EXERCISE DIRECTIONS: In the records below, find the line containing "Printed Shirt Kurta with Palazzo Set" and the line containing "Light Grey Premium Mashru Katan Saree". Give again exactly those lines and every line between them, omitting the pictures.

SOURCE MATERIAL:

------------

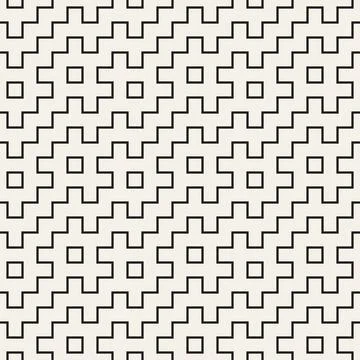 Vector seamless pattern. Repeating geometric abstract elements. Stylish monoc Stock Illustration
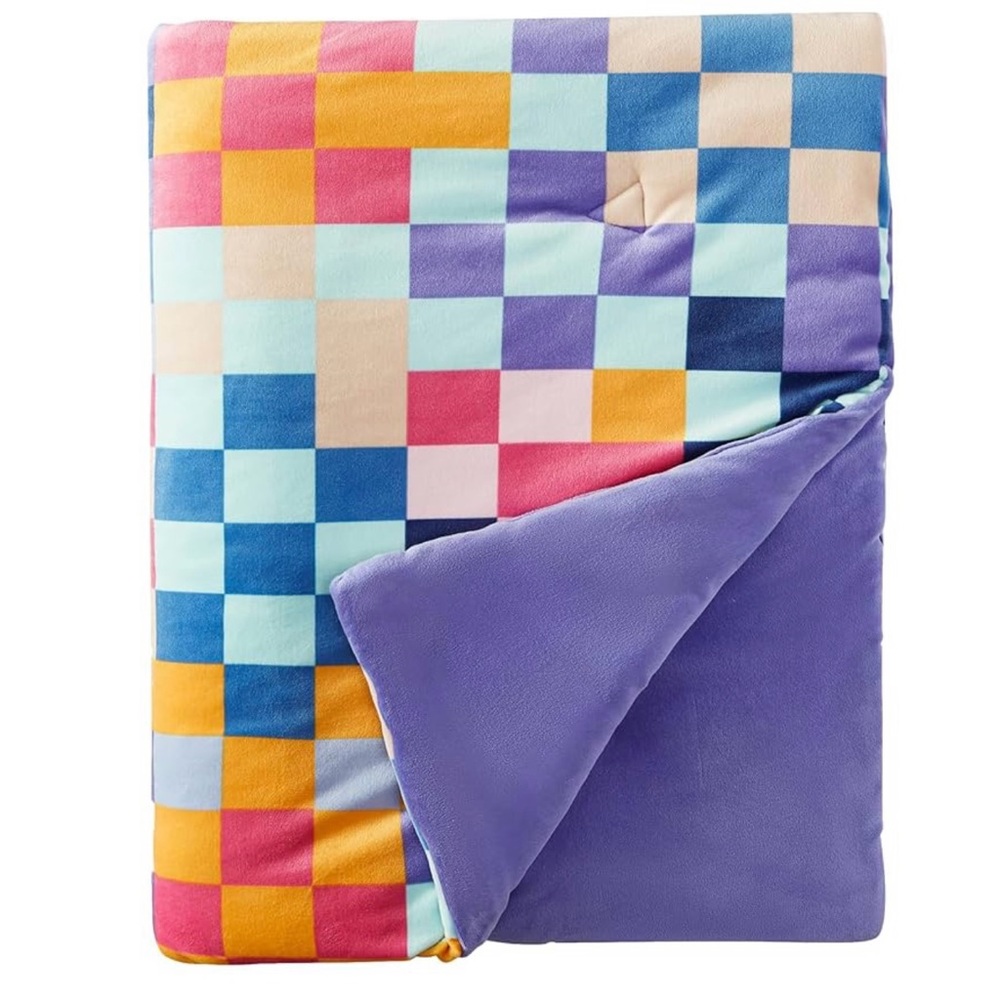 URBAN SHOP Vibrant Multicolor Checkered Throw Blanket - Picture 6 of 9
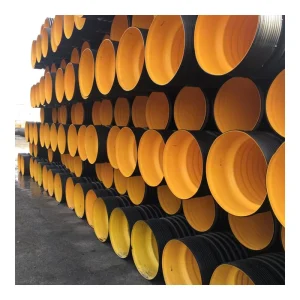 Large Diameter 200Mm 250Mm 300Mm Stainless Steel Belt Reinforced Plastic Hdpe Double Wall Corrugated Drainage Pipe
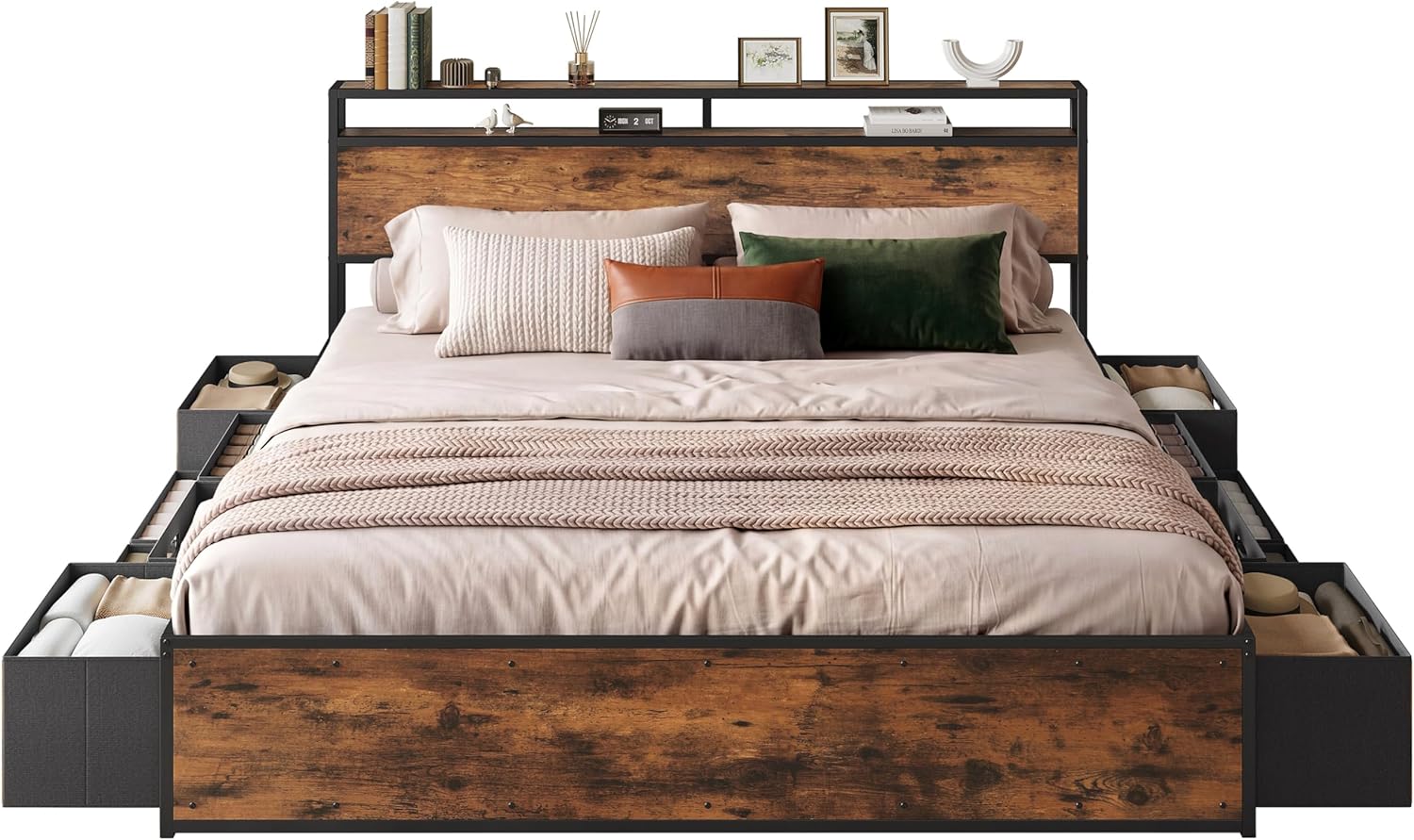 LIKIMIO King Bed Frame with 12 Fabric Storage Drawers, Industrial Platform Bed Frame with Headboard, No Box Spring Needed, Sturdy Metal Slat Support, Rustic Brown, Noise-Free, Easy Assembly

------------

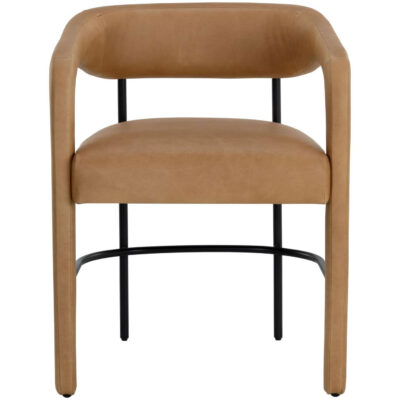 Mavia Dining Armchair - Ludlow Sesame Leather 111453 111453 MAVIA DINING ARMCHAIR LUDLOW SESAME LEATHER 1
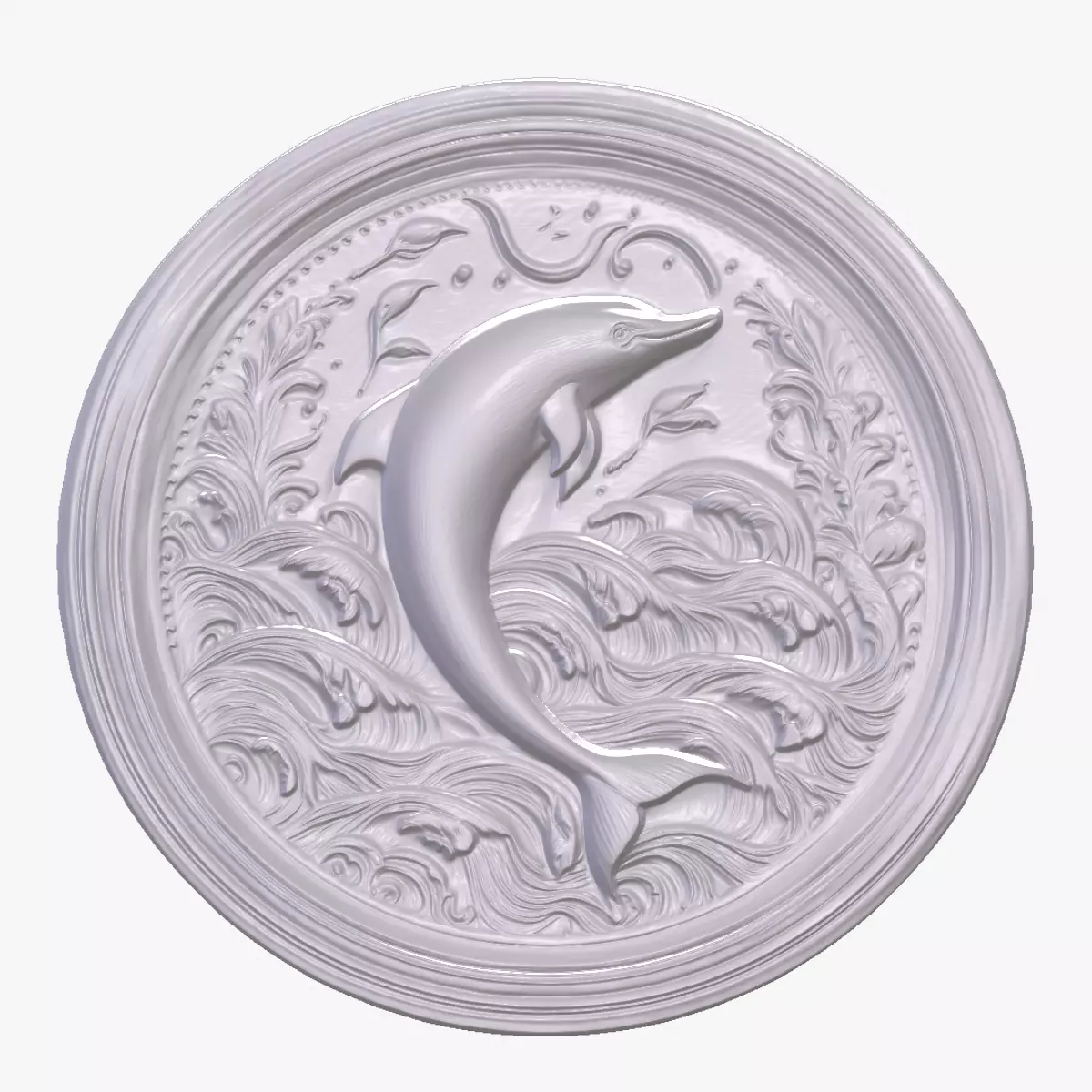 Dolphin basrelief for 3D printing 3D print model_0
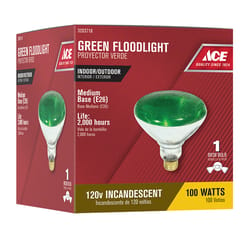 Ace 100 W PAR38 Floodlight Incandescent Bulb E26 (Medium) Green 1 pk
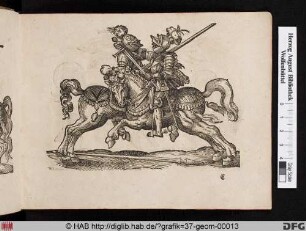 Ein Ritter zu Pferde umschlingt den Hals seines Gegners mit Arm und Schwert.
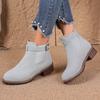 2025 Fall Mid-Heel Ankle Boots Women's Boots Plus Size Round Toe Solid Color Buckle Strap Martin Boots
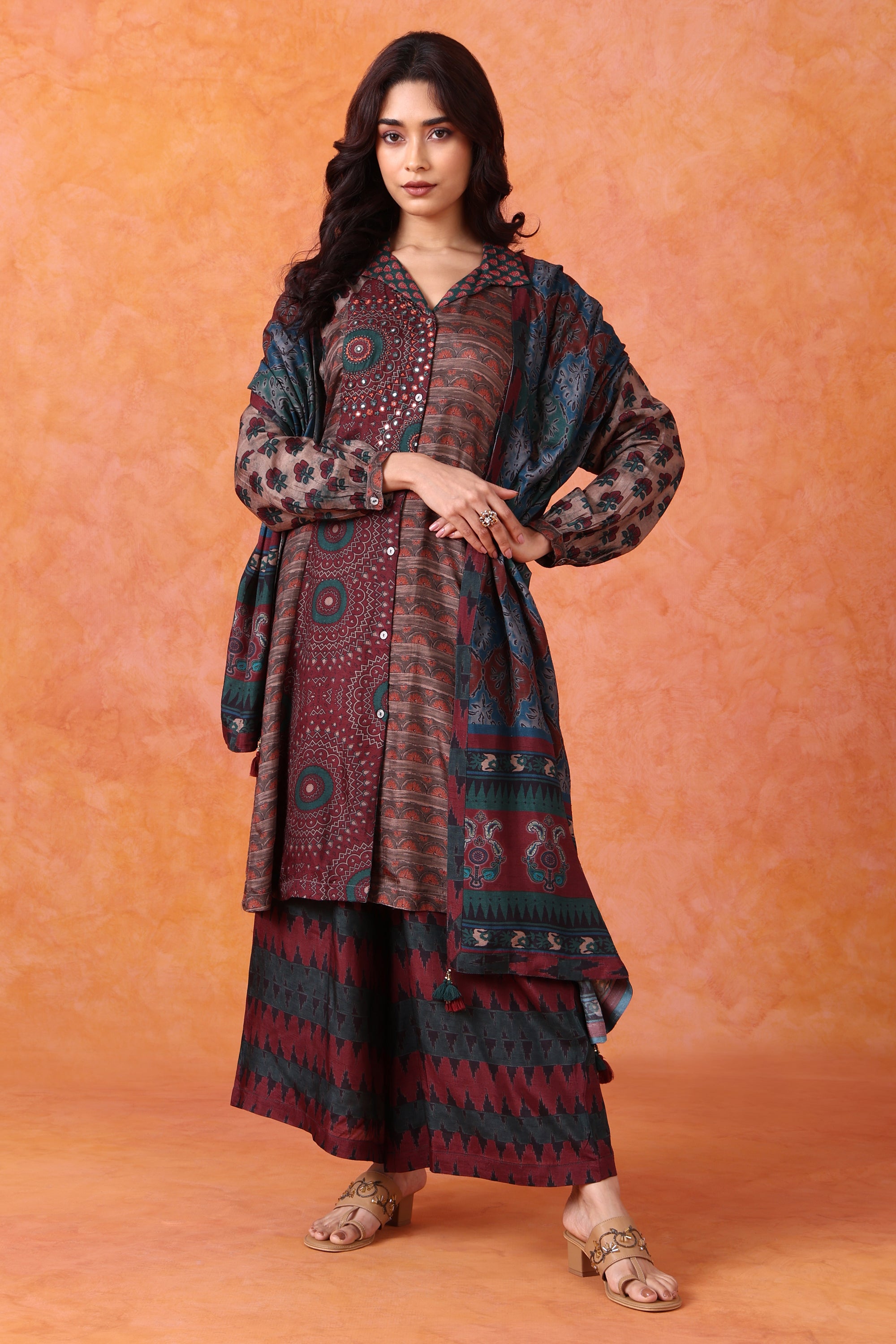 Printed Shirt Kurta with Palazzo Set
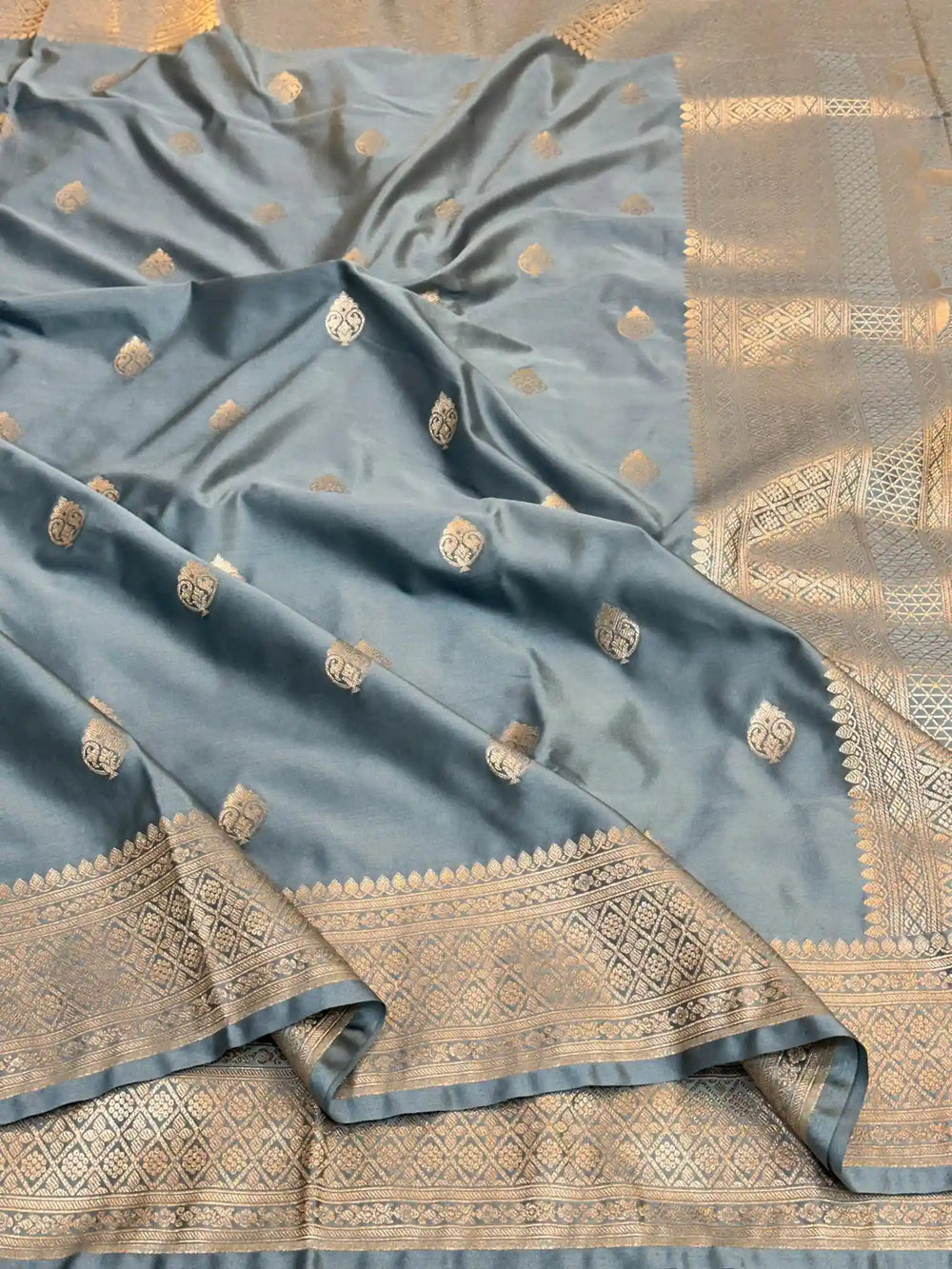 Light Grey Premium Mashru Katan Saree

------------

EXPECTED OUTPUT:
 Printed Shirt Kurta with Palazzo Set
 Light Grey Premium Mashru Katan Saree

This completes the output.